WHAT THIS TASK INVOLVES: Only the lines below, from the one with "A Man And A" through the one with "Time lapse of", are to be written out, exactly.

GIVEN DATA:

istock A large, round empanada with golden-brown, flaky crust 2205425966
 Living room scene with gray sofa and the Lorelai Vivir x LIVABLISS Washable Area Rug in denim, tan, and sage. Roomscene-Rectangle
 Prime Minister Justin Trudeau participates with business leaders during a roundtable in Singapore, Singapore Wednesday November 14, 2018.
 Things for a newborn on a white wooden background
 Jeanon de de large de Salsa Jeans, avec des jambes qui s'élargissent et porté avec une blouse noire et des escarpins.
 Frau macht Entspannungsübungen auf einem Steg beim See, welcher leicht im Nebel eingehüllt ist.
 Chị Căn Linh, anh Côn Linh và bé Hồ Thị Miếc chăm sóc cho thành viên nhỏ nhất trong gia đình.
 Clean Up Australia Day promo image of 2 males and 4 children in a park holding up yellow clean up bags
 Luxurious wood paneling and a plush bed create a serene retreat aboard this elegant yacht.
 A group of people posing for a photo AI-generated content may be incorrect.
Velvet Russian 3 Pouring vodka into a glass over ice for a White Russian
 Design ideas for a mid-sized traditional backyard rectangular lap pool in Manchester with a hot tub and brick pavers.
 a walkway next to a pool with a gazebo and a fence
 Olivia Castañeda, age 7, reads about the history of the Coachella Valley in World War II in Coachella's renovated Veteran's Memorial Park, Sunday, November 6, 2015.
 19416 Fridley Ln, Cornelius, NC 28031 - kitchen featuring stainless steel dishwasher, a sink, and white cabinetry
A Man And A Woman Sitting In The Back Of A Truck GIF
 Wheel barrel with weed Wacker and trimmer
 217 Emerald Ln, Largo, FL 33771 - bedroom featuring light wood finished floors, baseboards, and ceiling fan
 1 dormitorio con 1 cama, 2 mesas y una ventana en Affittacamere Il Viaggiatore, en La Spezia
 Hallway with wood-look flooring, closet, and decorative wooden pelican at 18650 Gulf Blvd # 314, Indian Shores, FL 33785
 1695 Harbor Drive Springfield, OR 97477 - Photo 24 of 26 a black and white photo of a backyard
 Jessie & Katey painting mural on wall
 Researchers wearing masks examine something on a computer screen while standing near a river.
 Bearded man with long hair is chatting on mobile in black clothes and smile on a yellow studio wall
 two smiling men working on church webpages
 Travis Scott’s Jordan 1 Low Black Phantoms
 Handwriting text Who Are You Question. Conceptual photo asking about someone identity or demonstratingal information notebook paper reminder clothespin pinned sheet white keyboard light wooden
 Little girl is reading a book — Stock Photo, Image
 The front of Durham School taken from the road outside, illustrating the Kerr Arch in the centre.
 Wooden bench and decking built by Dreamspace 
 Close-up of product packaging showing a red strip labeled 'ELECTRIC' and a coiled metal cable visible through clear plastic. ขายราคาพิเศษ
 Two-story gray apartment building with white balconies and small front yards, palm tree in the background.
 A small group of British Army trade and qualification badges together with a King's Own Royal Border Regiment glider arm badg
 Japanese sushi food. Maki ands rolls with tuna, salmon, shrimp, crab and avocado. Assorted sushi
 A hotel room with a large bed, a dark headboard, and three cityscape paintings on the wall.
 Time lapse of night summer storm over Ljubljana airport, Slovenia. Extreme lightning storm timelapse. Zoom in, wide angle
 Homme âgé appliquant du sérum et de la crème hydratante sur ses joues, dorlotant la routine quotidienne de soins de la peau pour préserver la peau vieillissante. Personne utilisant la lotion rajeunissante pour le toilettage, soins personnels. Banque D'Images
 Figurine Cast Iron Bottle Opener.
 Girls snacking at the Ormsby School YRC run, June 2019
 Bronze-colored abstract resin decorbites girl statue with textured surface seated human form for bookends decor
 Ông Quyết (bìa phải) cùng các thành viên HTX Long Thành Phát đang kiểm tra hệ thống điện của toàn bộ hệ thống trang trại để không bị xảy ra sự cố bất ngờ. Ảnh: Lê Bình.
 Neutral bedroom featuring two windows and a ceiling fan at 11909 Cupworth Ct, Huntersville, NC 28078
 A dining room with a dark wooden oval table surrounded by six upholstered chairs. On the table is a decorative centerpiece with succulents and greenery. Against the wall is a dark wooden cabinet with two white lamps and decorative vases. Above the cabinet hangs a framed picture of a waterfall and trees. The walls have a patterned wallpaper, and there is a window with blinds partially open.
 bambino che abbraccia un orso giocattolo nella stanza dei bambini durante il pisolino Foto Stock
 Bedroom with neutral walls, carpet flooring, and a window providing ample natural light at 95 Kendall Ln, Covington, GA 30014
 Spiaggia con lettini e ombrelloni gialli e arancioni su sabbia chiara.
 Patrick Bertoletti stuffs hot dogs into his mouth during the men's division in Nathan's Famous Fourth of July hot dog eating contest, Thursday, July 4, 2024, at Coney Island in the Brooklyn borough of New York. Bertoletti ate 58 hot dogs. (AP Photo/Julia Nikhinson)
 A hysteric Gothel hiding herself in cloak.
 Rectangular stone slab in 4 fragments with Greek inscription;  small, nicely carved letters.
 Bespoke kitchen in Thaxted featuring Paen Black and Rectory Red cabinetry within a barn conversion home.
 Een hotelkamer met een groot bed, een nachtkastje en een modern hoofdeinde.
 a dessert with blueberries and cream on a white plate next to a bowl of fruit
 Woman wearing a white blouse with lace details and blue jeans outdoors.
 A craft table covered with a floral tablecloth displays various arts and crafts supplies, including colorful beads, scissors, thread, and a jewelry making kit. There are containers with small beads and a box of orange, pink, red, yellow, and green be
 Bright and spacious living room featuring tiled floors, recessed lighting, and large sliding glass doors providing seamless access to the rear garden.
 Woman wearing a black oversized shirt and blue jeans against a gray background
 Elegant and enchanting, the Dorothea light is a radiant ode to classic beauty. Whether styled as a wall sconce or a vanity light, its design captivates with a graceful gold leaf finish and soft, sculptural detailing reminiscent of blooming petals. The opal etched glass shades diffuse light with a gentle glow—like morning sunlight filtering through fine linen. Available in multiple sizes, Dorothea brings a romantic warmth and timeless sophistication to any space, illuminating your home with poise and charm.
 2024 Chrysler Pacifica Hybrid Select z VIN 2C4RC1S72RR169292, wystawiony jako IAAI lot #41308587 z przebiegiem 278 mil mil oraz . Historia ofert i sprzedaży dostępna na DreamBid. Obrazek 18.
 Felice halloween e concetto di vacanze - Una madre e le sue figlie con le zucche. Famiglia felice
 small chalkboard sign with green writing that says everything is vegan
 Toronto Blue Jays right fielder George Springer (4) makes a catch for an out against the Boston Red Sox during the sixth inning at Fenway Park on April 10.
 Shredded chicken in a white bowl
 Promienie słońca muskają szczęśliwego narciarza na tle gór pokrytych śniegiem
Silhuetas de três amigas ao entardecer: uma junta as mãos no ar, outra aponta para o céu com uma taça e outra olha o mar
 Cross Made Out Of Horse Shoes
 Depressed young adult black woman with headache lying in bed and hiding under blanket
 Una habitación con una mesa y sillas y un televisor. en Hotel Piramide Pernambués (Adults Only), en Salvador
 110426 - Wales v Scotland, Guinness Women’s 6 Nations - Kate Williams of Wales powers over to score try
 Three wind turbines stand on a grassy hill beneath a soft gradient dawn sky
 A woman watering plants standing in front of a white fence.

ANSWER FOR THIS EXERCISE:
A Man And A Woman Sitting In The Back Of A Truck GIF
 Wheel barrel with weed Wacker and trimmer
 217 Emerald Ln, Largo, FL 33771 - bedroom featuring light wood finished floors, baseboards, and ceiling fan
 1 dormitorio con 1 cama, 2 mesas y una ventana en Affittacamere Il Viaggiatore, en La Spezia
 Hallway with wood-look flooring, closet, and decorative wooden pelican at 18650 Gulf Blvd # 314, Indian Shores, FL 33785
 1695 Harbor Drive Springfield, OR 97477 - Photo 24 of 26 a black and white photo of a backyard
 Jessie & Katey painting mural on wall
 Researchers wearing masks examine something on a computer screen while standing near a river.
 Bearded man with long hair is chatting on mobile in black clothes and smile on a yellow studio wall
 two smiling men working on church webpages
 Travis Scott’s Jordan 1 Low Black Phantoms
 Handwriting text Who Are You Question. Conceptual photo asking about someone identity or demonstratingal information notebook paper reminder clothespin pinned sheet white keyboard light wooden
 Little girl is reading a book — Stock Photo, Image
 The front of Durham School taken from the road outside, illustrating the Kerr Arch in the centre.
 Wooden bench and decking built by Dreamspace 
 Close-up of product packaging showing a red strip labeled 'ELECTRIC' and a coiled metal cable visible through clear plastic. ขายราคาพิเศษ
 Two-story gray apartment building with white balconies and small front yards, palm tree in the background.
 A small group of British Army trade and qualification badges together with a King's Own Royal Border Regiment glider arm badg
 Japanese sushi food. Maki ands rolls with tuna, salmon, shrimp, crab and avocado. Assorted sushi
 A hotel room with a large bed, a dark headboard, and three cityscape paintings on the wall.
 Time lapse of night summer storm over Ljubljana airport, Slovenia. Extreme lightning storm timelapse. Zoom in, wide angle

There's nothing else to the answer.